> [Aim of the task]:
Only the lines from the first line of the entries through the line with "(C) Bianca Otero. NYC. November 13, 2021." belong in the answer, each restated word for word and without pictures.

> [Available data]:
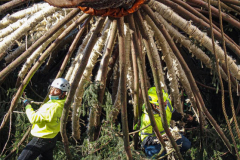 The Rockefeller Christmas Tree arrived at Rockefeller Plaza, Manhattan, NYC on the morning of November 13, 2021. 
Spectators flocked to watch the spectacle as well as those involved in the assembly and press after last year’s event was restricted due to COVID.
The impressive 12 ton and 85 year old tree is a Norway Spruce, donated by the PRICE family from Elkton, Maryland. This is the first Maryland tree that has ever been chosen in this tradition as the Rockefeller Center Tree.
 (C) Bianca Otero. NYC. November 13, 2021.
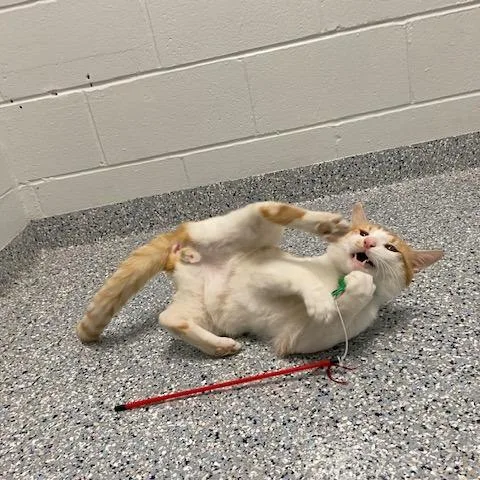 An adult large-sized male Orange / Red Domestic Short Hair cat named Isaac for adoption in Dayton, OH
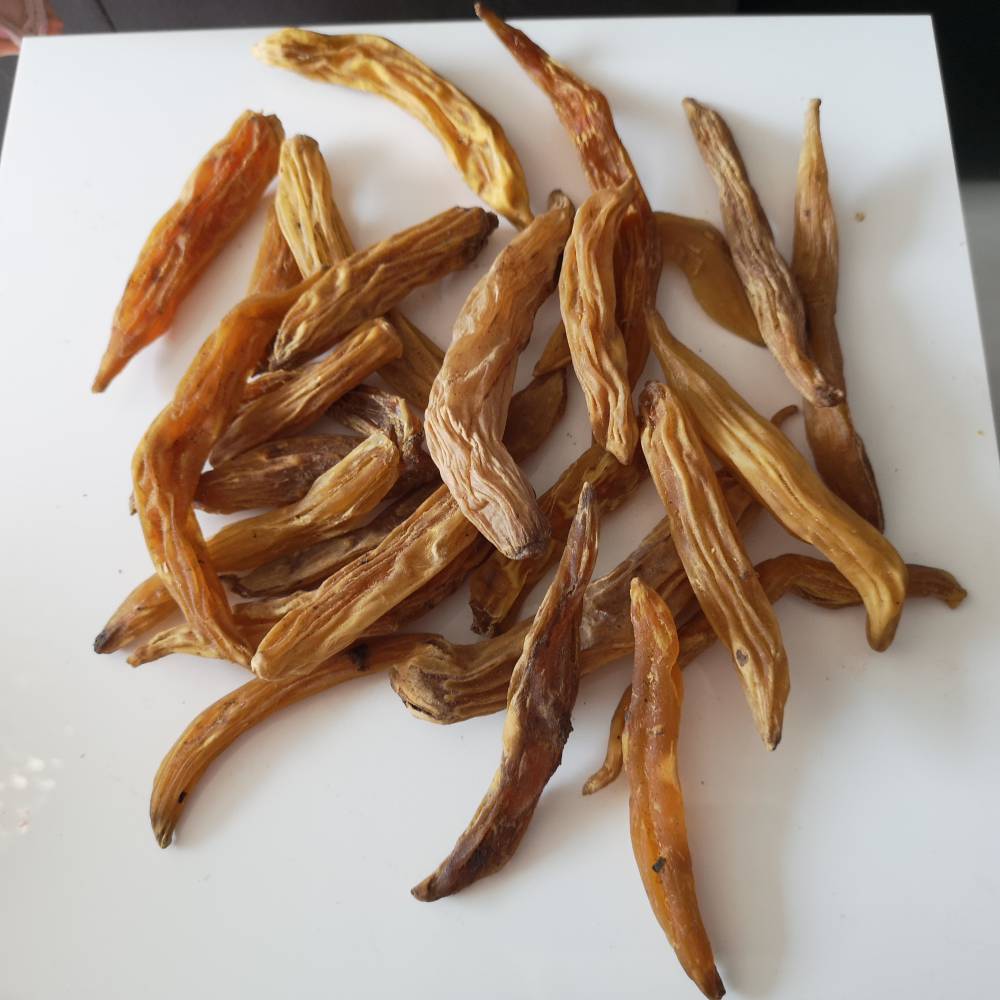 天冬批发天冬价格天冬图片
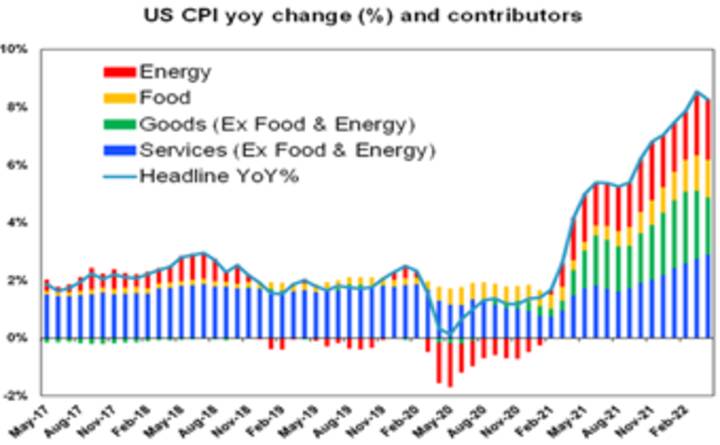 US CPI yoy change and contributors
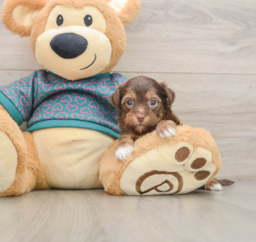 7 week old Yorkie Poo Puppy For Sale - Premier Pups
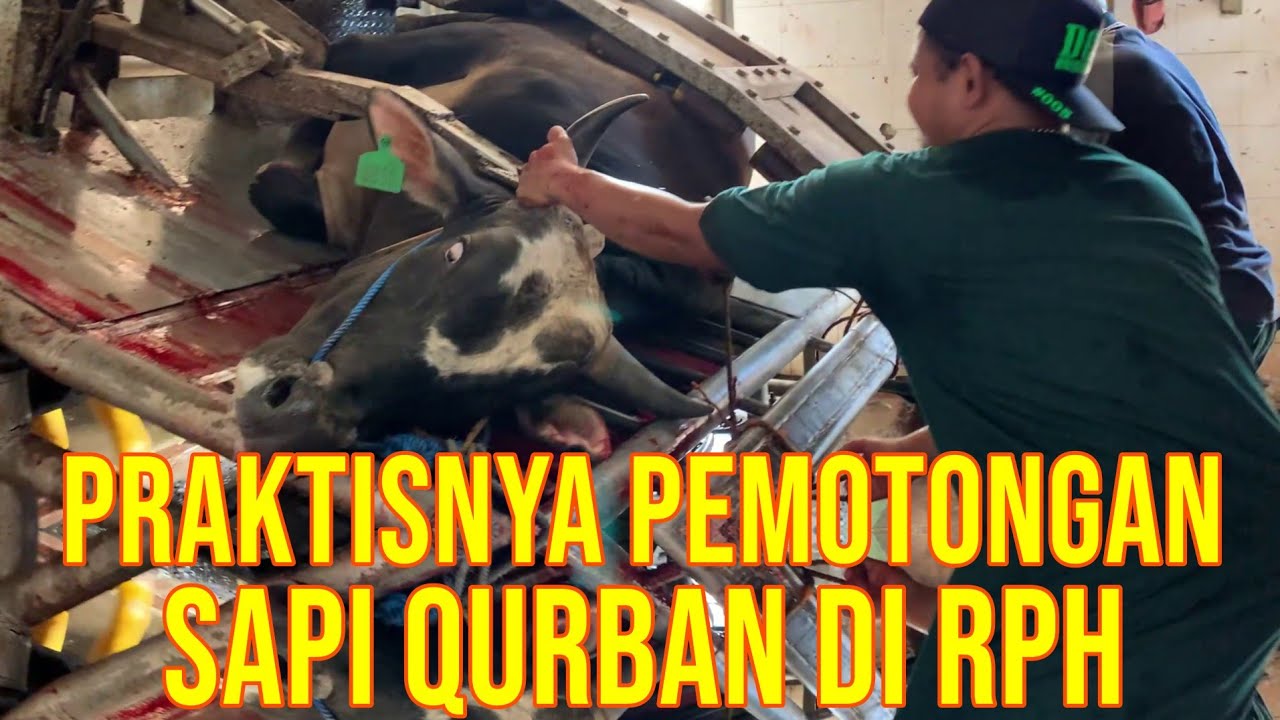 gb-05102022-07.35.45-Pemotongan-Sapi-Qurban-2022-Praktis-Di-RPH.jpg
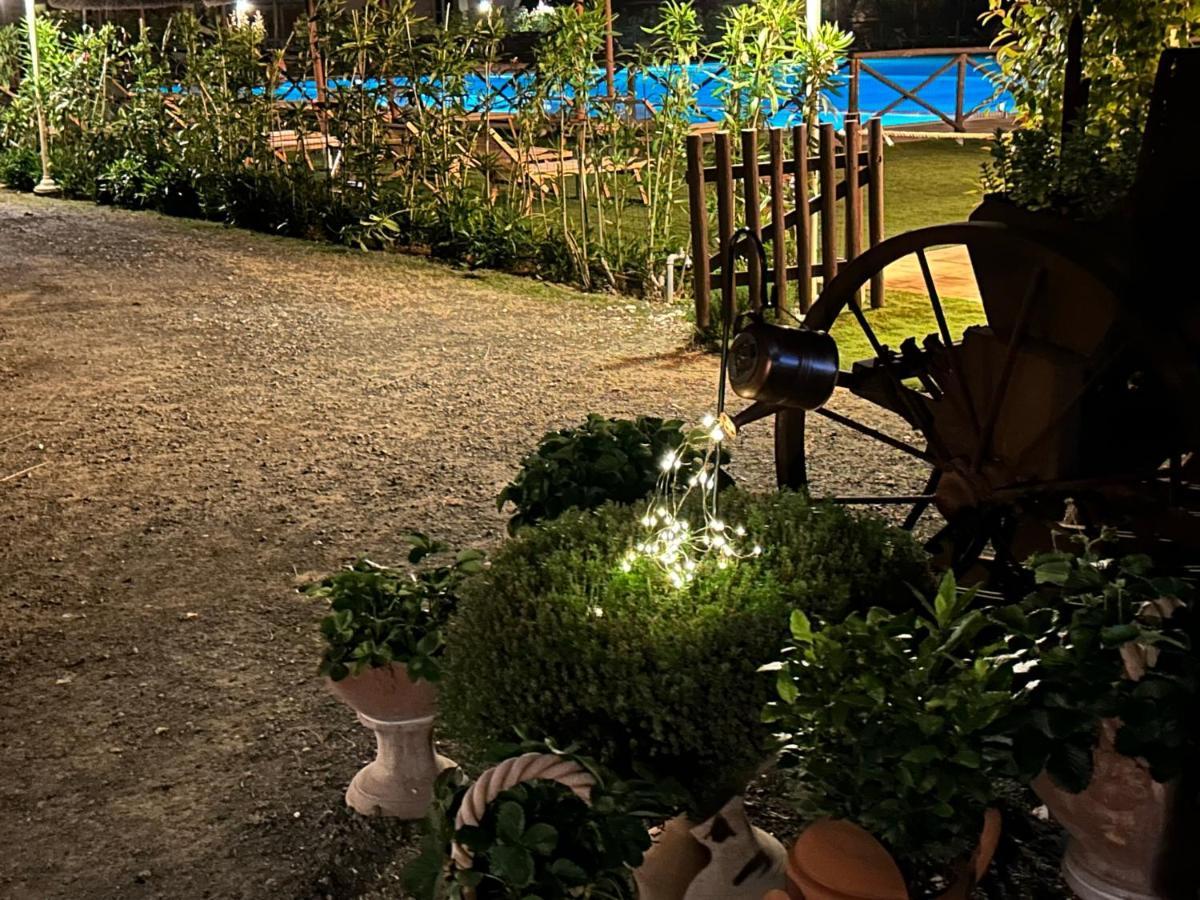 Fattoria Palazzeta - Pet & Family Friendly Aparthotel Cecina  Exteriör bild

> [Completed exercise]:
 The Rockefeller Christmas Tree arrived at Rockefeller Plaza, Manhattan, NYC on the morning of November 13, 2021. 
Spectators flocked to watch the spectacle as well as those involved in the assembly and press after last year’s event was restricted due to COVID.
The impressive 12 ton and 85 year old tree is a Norway Spruce, donated by the PRICE family from Elkton, Maryland. This is the first Maryland tree that has ever been chosen in this tradition as the Rockefeller Center Tree.
 (C) Bianca Otero. NYC. November 13, 2021.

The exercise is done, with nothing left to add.